Items from a dataset:

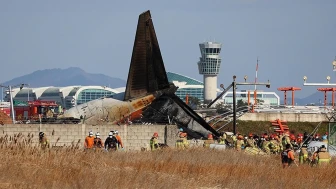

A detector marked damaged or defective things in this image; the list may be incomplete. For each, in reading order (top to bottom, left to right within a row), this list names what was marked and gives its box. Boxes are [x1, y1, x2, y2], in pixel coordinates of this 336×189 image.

burnt aircraft wreckage [63, 10, 220, 139]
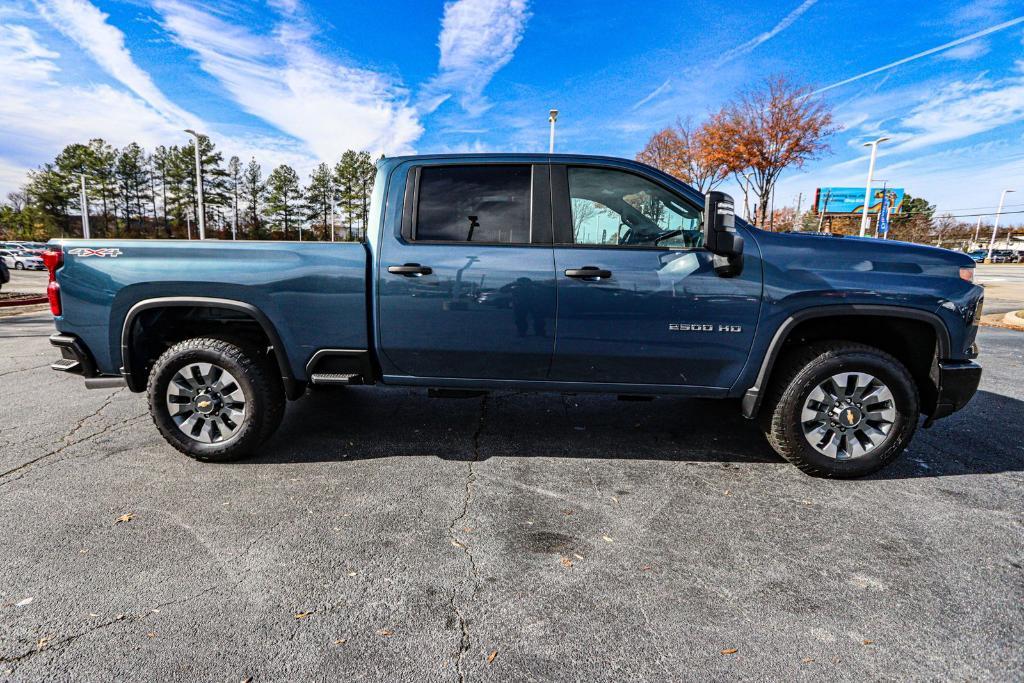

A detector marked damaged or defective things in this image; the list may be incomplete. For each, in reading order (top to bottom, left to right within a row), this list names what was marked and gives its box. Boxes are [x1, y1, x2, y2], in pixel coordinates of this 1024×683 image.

crack in asphalt [0, 387, 127, 489]
crack in asphalt [450, 395, 489, 683]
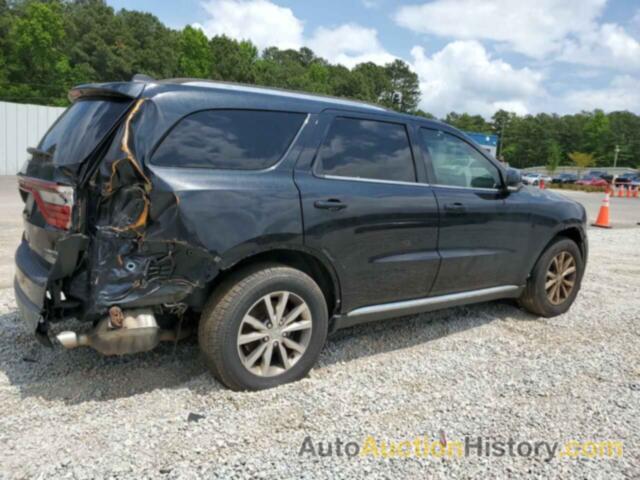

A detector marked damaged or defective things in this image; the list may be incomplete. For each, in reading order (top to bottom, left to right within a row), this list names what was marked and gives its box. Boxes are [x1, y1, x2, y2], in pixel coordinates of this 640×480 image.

damaged rear quarter panel [86, 87, 308, 316]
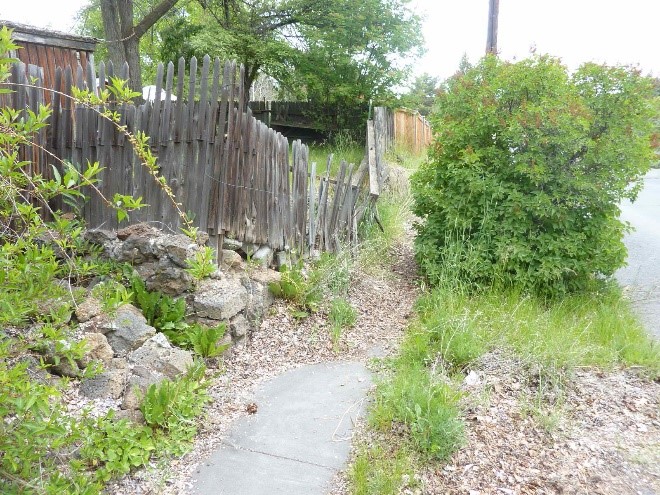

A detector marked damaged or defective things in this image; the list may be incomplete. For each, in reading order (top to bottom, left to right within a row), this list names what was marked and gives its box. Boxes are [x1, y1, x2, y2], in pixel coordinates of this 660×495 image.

cracked concrete slab [193, 360, 374, 495]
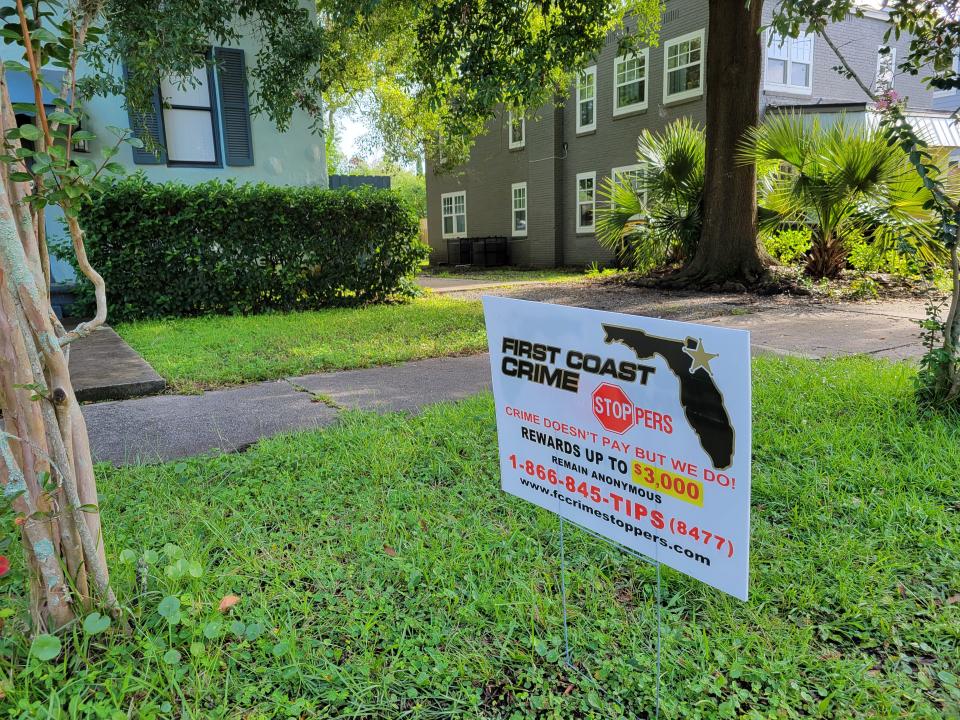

> [Task]: Write out exactly the lines from the one containing "this 660×495 image." to the last line of the records above, both included, and leave out any pictures.

> [Task solution]:
A detector marked damaged or defective things in this image; the list may be incomplete. For each, in reading order (top to bottom, left to right within a row), this list names what was marked and gives its box. Boxes are [x1, y1, x2, y2], in pixel coordinates of this 660×495 image.

cracked concrete slab [193, 360, 374, 495]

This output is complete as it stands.